▸ ACTIVITY: Transcribe, exactly and without pictures, the lines below from the line with "Grab your one" to the line with "Because a joint", both ends included, and no others.

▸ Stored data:
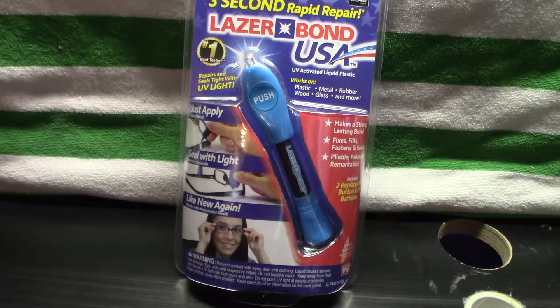Today I'm going to do a really quick video, very minimal editing hopefully, for the LaserBond USA. It is a liquid plastic that hardens when activated with UV light, and I got this at Dollar Tree for a dollar.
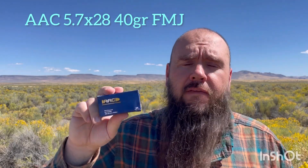Hey y'all, a quick look at the 5.7x28 offering from AAC. This one is their 40 grain FMJ. It is currently available, and it has their Saber Slick coating on it.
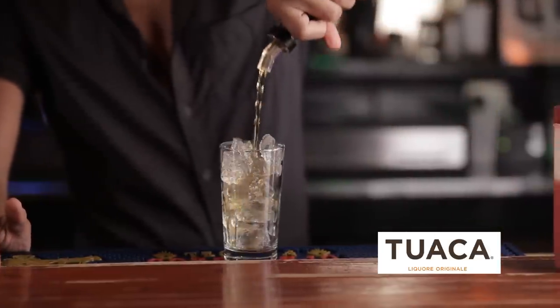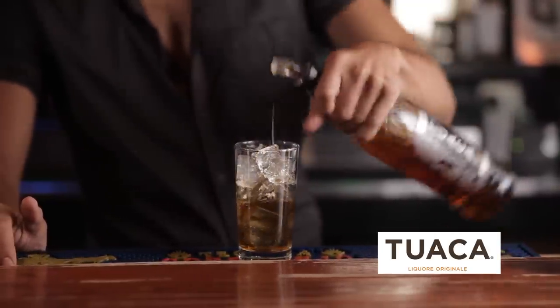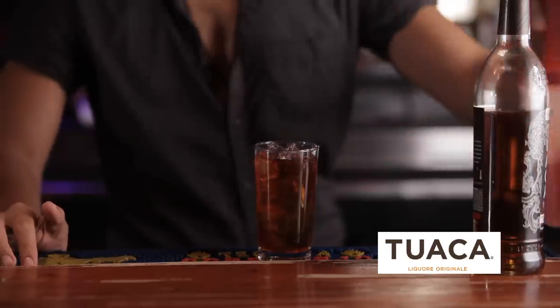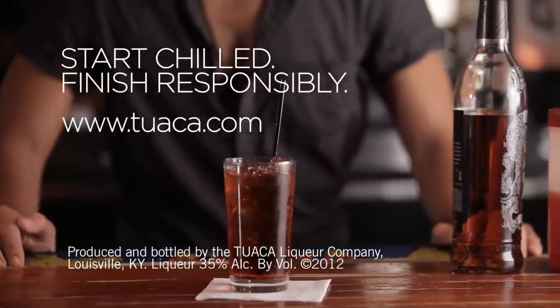Grab your one and a half ounces of Twaka, pour it over ice, add cranberry juice, serve and enjoy. There you have your Twaka Cram.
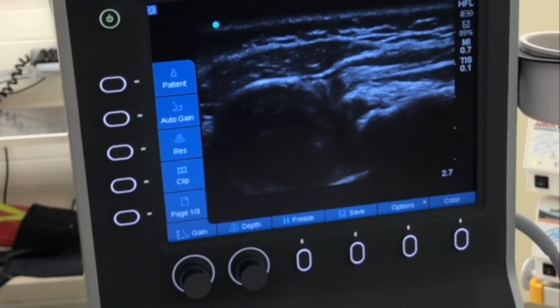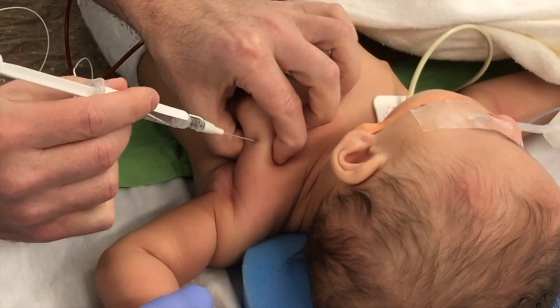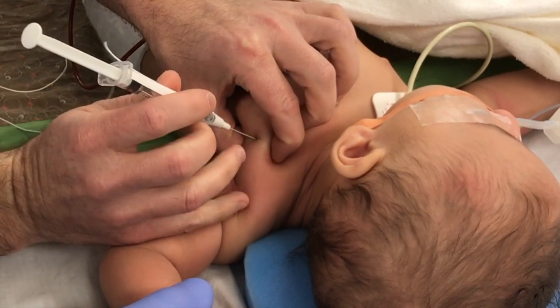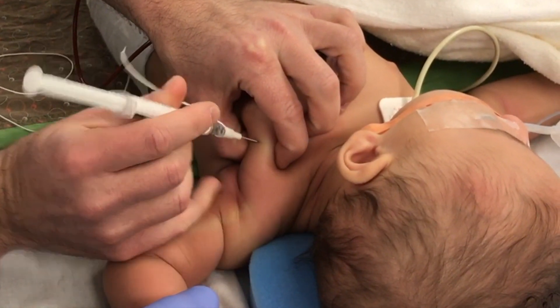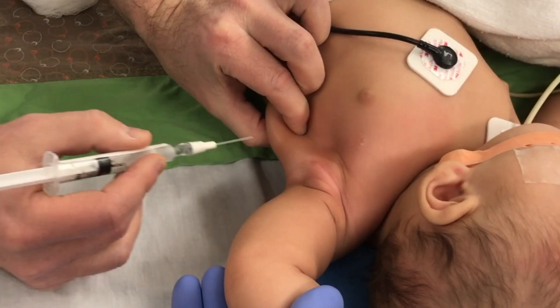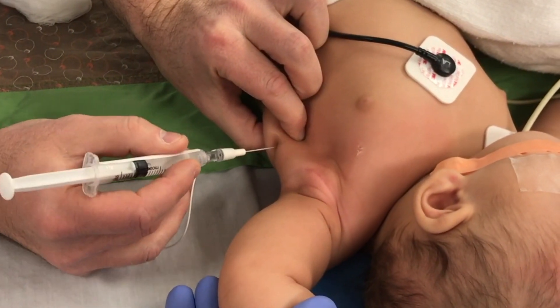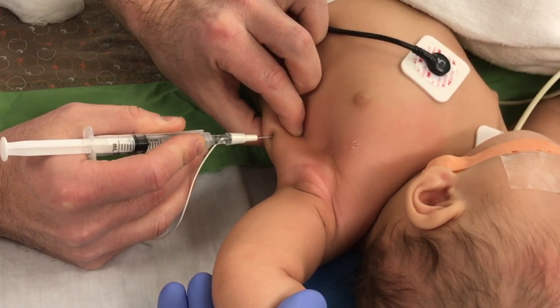Because a joint reduction can be effected closed, Botox and casting is then performed, beginning with the pectoralis major. Electrical stimulation is used to confirm needle placement prior to injection. Next, the teres major and latissimus dorsi are injected. We typically inject 100 units of Dysport per muscle.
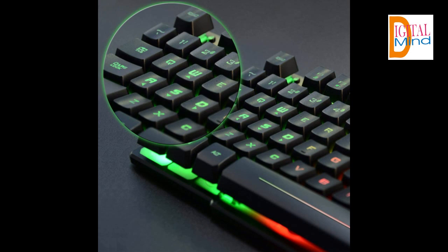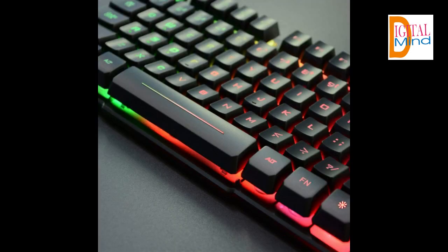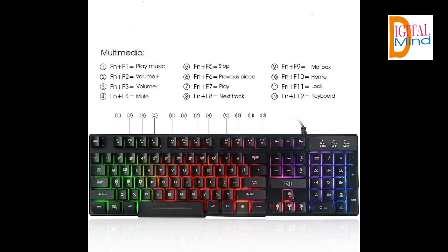Standard 105-key full-size keyboard. Comes with 11 special design multimedia key combinations. Measures 17.1 by 5.3 by 0.9 inches. Automatically enters sleeping mode if not used for 10 minutes, and any key press will awaken it and turn the backlights back on.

▸ SOLVED PROBLEM:
Grab your one and a half ounces of Twaka, pour it over ice, add cranberry juice, serve and enjoy. There you have your Twaka Cram.
Because a joint reduction can be effected closed, Botox and casting is then performed, beginning with the pectoralis major. Electrical stimulation is used to confirm needle placement prior to injection. Next, the teres major and latissimus dorsi are injected. We typically inject 100 units of Dysport per muscle.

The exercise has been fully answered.